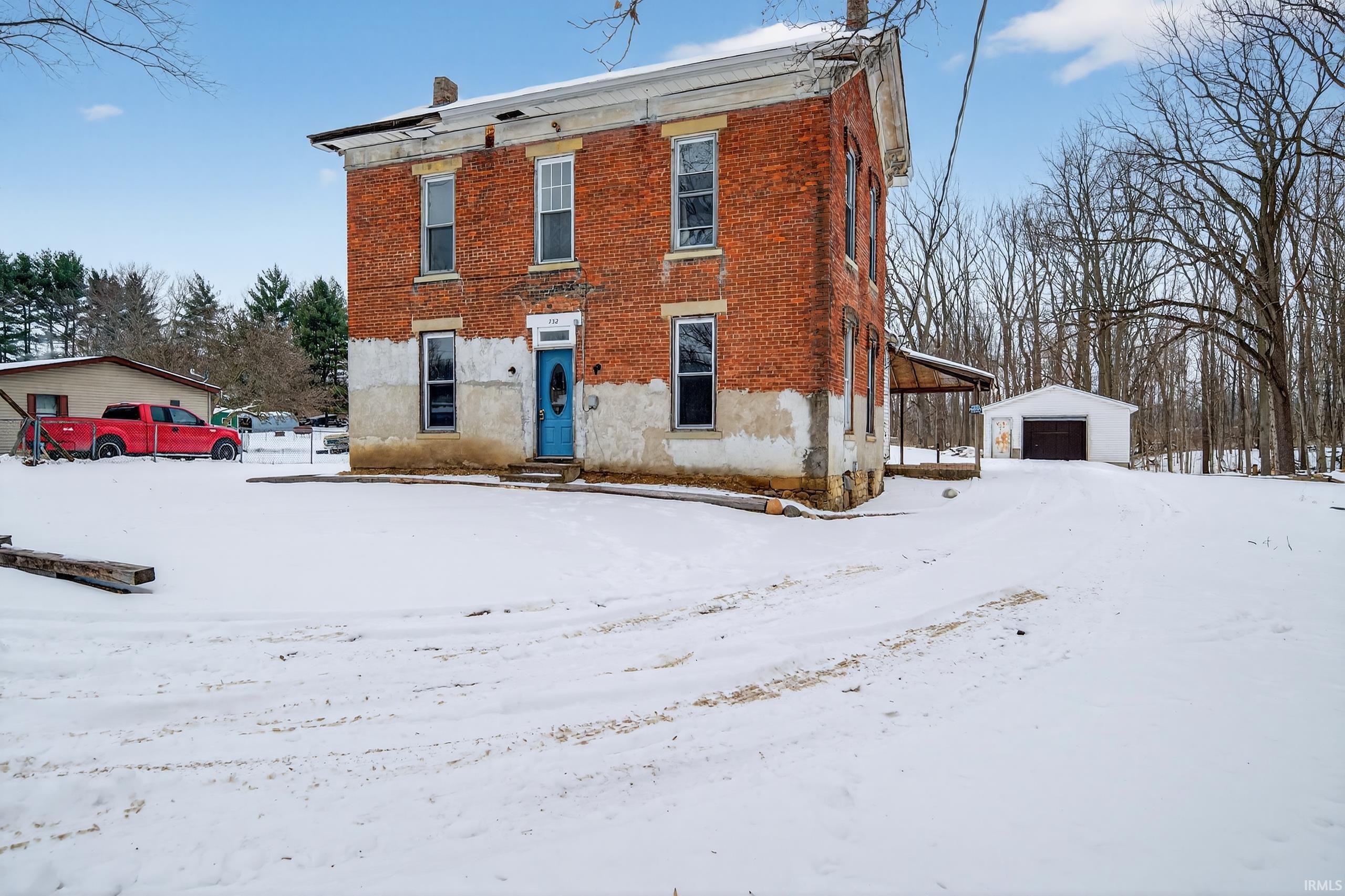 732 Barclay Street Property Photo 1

---

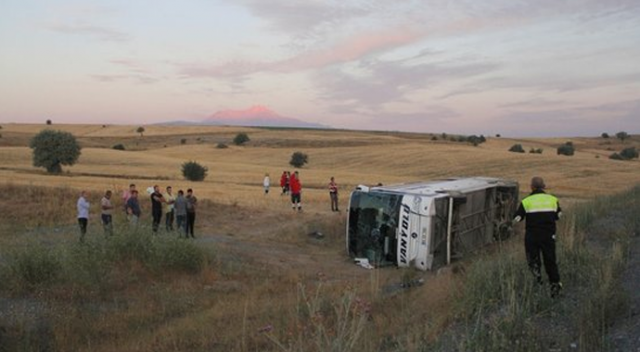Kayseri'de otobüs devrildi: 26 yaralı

---

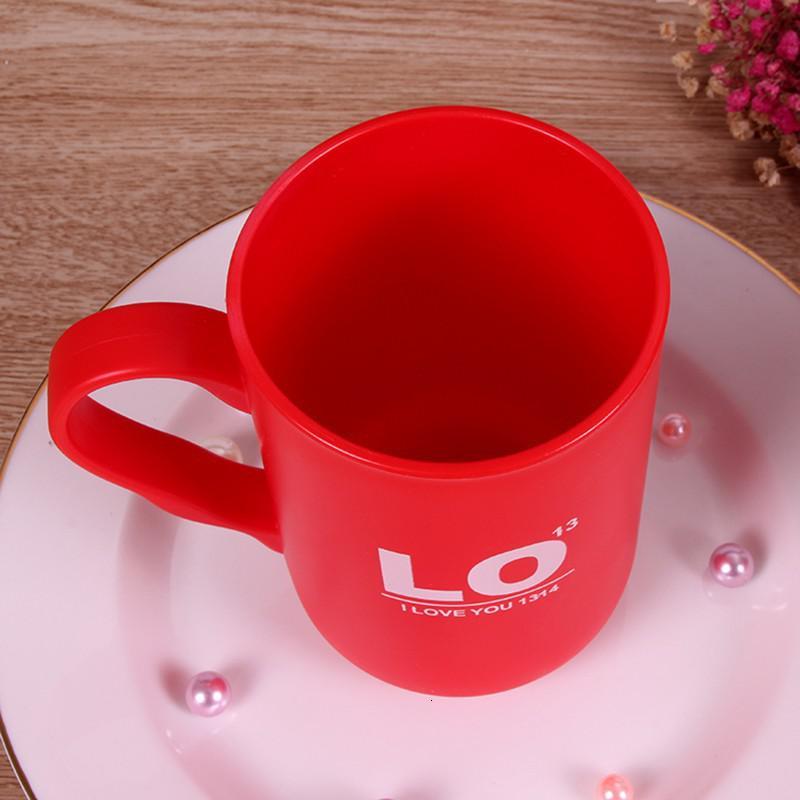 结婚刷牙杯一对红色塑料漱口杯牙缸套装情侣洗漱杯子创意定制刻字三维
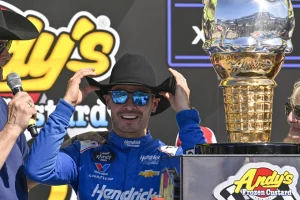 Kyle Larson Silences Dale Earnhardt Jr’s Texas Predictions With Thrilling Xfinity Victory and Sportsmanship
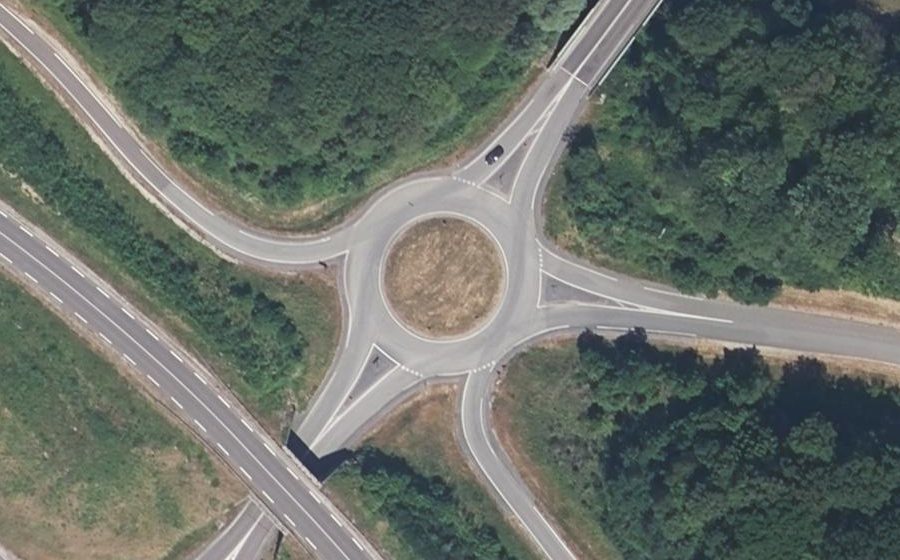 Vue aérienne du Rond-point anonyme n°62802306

- [WHAT YOU HAVE TO DO]: Every line above between the one containing "Kyle Larson Silences" and the one containing "Vue aérienne du", those two included, is to be printed exactly. No pictures go into the copy.

- [RESULT OF THIS TASK]:
 Kyle Larson Silences Dale Earnhardt Jr’s Texas Predictions With Thrilling Xfinity Victory and Sportsmanship
 Vue aérienne du Rond-point anonyme n°62802306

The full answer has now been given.